Dans ce contexte régional plus que troublé, Djibouti n’a donc aucun mal à vendre sa réputation de stabilité.

Une base essentielle pour la France
La France n’a jamais vraiment quitté sa dernière colonie africaine à accéder à l’indépendance, en 1977. La base de Djibouti est un terrain d’entraînement fort apprécié pour ses troupes, notamment celles qui vont en Afghanistan. Les larges étendues désertiques et inhabitées sont particulièrement prisées pour les tirs d’artillerie.

Djibouti, qui est, avec Libreville au Gabon, une des deux bases primordiales de l’armée française en Afrique, accueille le plus grand nombre de militaires français stationnés en permanence à l’étranger, soit environ 2.900 hommes. Et aussi une dizaine d’avions de combat Mirage 2000, un avion de transport C-160 Transall et une dizaine d’hélicoptères. Des avions de patrouille maritime sont fréquemment envoyés en renfort.

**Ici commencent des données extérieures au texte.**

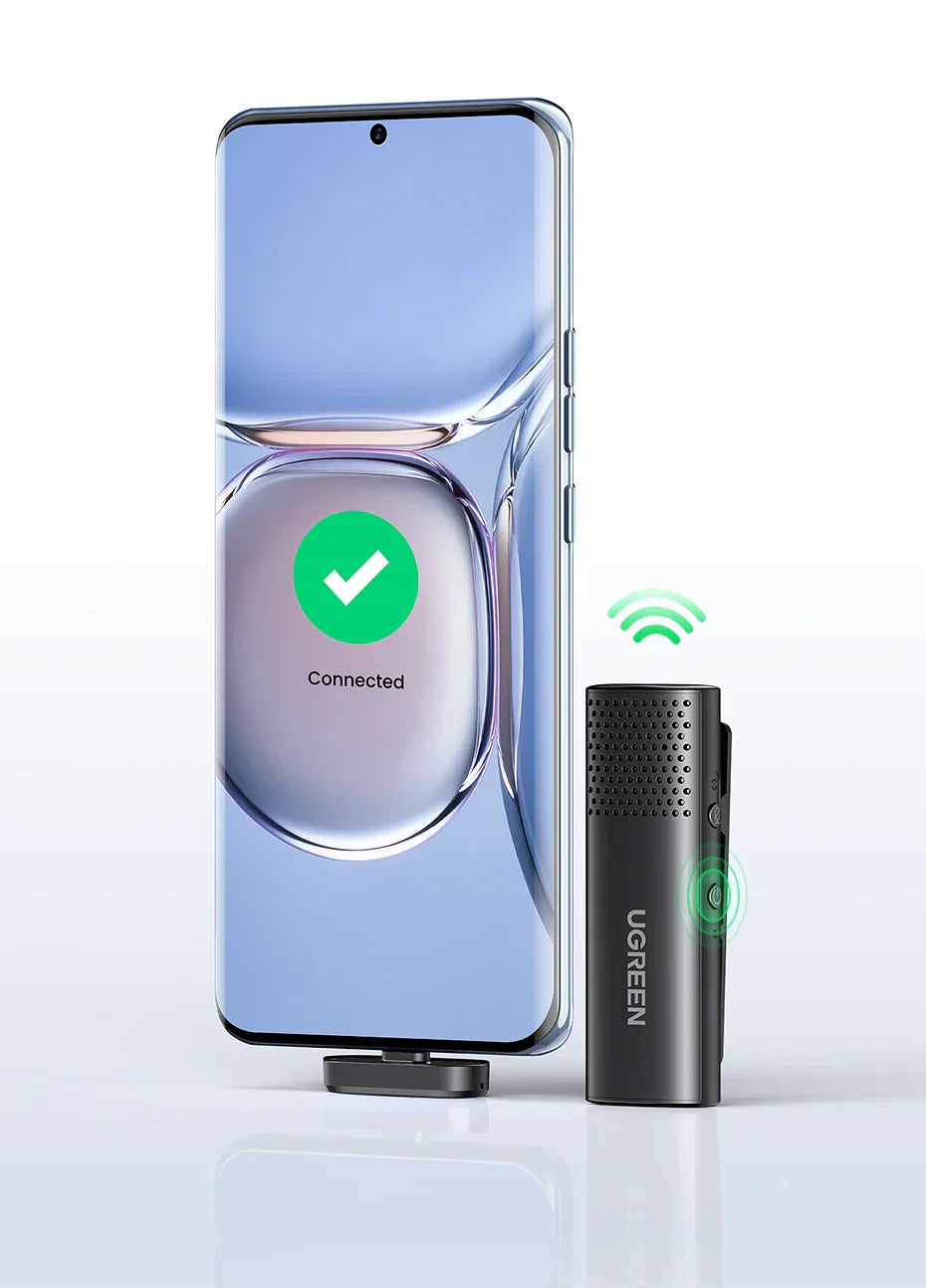 Sleek smartphone displaying a green checkmark icon, positioned next to a cylindrical wireless device.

Selon des informations de presse, Paris verse chaque année 30 millions d’euros de « loyer » pour sa base militaire contre 30 millions, mais de dollars cette fois, versés par Washington et par Tokyo.

Le régime d’Ismail Omar Guelleh jouit donc d’une rente stratégique de plus en plus conséquente. Et qui ne devrait aller qu’en augmentant si le Yémen voisin sombre dans le chaos.

Un président « fort »
Cette manne financière favorisera-t-elle la démocratisation du régime ? Rien n’est moins sûr. Le président Guelleh est au pouvoir depuis 1999, date à laquelle il a été élu, sans surprise, pour succéder au « père de l’indépendance » Hassan Gouled Aptidon.

Avant même son élection, M. Guelleh était déjà considéré comme l’homme fort du pays : il était le directeur de cabinet du Président et contrôlait les services de sécurité. Et il ne semble pas pressé de quitter les ors de la République djiboutienne : en avril 2010, un Parlement qui lui est largement acquis a voté une réforme de la Constitution lui permettant de briguer un troisième mandat. Et, ô surprise, il a été réélu avec plus de 80% des voix en avril 2011…

En 2004, le président Guelleh a perdu son plus farouche opposant, l’ex-chef de la rébellion Afar Ahmed Dini Ahmed, décédé à l’âge de 72 ans. Après dix ans de guerre et d’exil, il avait été le dernier à déposer les armes, en mai 2001, et avait ensuite tenté d’unir l’opposition. Aujourd’hui, aucun opposant d’envergure ne lui a succédé dans le pays. Une opposition en exil, très virulente contre le régime, tente toutefois de se faire entendre.

Et en février, lorsque les opposants sont descendus dans la rue, espérant importer aux pays des Afars et des Issas la Révolution tunisienne, ils ont été violemment réprimés. Depuis lors, le vent révolutionnaire qui souffle dans le monde arabe s’est arrêté aux portes de Djibouti. Les militaires français, américains et maintenant japonais peuvent continuer leurs exercices.